Start of Information supplied

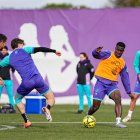 Alani controla el balón durante el entrenamiento del lunes del Real Valladolid.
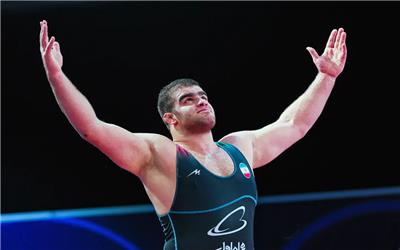 میرزازاده با غلبه بر نائب قهرمان المپیک به نیمه نهایی رسید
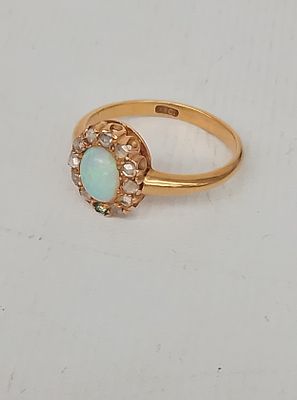 18ct gold and Opel ring, 3.1 grams gross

End of Information supplied

# What you should do
All of the material above should be set down again exactly, though not its pictures.

# Answer to this task
 Alani controla el balón durante el entrenamiento del lunes del Real Valladolid.
 میرزازاده با غلبه بر نائب قهرمان المپیک به نیمه نهایی رسید
 18ct gold and Opel ring, 3.1 grams gross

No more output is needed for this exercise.